1b: The aim of this research is to better understand the associations and potential causal pathways linking sleep and/or chronotype with several common metabolic and inflammatory diseases that have major health, economic and societal impacts such as heart disease, diabetes, asthma and arthritis.
The study also aims to discover genes associated with sleep patterns and chronotype.
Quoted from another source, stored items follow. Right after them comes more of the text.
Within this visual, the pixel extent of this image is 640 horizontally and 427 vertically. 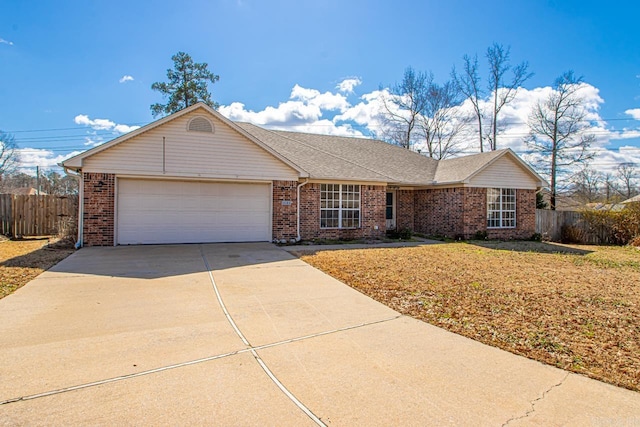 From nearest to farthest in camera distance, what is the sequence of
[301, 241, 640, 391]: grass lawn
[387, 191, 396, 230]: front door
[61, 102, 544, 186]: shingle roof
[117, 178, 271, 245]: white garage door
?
[301, 241, 640, 391]: grass lawn < [117, 178, 271, 245]: white garage door < [61, 102, 544, 186]: shingle roof < [387, 191, 396, 230]: front door

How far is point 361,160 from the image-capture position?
1788cm

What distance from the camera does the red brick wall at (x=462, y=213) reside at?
16.2m

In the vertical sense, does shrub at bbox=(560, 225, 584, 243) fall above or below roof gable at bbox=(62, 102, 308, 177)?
below

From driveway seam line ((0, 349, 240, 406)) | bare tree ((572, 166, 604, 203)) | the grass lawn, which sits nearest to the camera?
driveway seam line ((0, 349, 240, 406))

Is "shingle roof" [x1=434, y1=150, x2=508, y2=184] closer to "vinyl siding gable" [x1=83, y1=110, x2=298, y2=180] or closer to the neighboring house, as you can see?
the neighboring house

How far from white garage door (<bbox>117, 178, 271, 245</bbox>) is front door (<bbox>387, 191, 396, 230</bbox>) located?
264 inches

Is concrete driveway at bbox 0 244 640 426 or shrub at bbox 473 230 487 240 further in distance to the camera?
shrub at bbox 473 230 487 240

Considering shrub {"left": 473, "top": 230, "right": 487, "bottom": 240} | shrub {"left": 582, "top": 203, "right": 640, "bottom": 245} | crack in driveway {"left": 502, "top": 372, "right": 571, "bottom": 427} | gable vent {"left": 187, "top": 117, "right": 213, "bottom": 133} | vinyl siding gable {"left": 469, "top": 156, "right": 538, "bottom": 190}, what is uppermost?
gable vent {"left": 187, "top": 117, "right": 213, "bottom": 133}

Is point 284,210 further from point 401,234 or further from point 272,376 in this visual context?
point 272,376

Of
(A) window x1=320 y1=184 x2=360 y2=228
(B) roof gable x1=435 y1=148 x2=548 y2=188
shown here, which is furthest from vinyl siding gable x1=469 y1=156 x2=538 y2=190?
(A) window x1=320 y1=184 x2=360 y2=228

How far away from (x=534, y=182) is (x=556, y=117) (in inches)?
530

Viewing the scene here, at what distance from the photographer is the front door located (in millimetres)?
17672

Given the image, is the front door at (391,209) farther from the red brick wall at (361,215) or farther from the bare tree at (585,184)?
the bare tree at (585,184)

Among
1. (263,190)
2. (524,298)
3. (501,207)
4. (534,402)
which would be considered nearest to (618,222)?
(501,207) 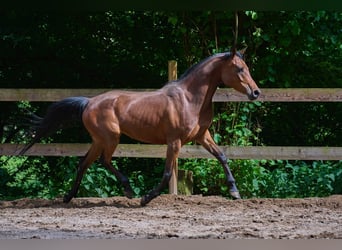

This new knowledge will be used to explore whether sleep patterns and chronotype have a role in causing these diseases.
This research may guide the development of new treatments targeting sleep or the biological clock to prevent or treat cardiometabolic and chronic inflammatory diseases.
1c: We will relate the presence and severity of cardiometabolic and chronic inflammatory diseases to:
1. Sleep duration
2. Sleep disturbance (insomnia/waking)
3. Chronotype (morning/evening person)
4. Sleep apnoea symptoms (snoring/daytime sleepiness)
5. Shift work
Each analysis will control/stratify for the other factors listed (1-5).
Prospective studies will assess the temporal relationships between disorders of sleep/chronotype, shift work and common diseases.
Genome-wide association studies will aim to identify genes linked to sleep duration, disturbance and chronotype and Mendelian randomisation studies will explore causal relationships between these factors and the development of common diseases.
1d: Whole cohort: a) cross-sectional studies; b) the prospective study assessing incident cardiometabolic and inflammatory diseases; c) genome-wide association studies; d) Mendelian randomisation studies.
Individuals with accelerometer data: to relate to shift work, prevalent/incident disease, sleep/chronotype (questionnaire) and genotype (if adequately powered).
20,000 people assessed on two occasions over 4 years (including those with accelerometer data): assessing incident sleep disturbance and change in chronotype.
GWAS and Mendelian Randomisation studies: Primary analyses will be done when genotype data on 170K individuals is released and updated when data on the whole cohort is available and when imputation is complete.
Scope extension – October 2019
Proposed new scope
Our previous focus was on the “downstream” health consequences of disturbed sleep. For this project we would like to look “upstream” of sleep to understand the aetiology of sleep disturbance. We propose to assess the following exposures: early and adult stress events and genetic risk for insomnia. Outcomes will be objectively (actigraphy) and subjectively assessed sleep traits focussing on insomnia.
1) describe how Adverse Childhood Experiences (ACEs) and Stressful Life Events (SLEs) are related to objective and subjective sleep traits with sex/gender as a moderator.
3) perform a mediation/moderation analysis on the effect of ACEs and SLEs together to understand whether ACEs operate through SLEs (mediation), there is effect-modification by ACEs (moderation), or both (mediated moderation).
4) perform a gene by environment analysis in which objectively determined sleep traits are regressed on polygenic risk scores for insomnia in interaction with SLEs to assess effect modification.
5) perform a gene by environment analysis in which objective sleep parameters associated with insomnia (e.g. wake after sleep onset) and self-reported insomnia complaints are regressed on polygenic risk scores for short sleep in interaction with SLEs to assess effect modification.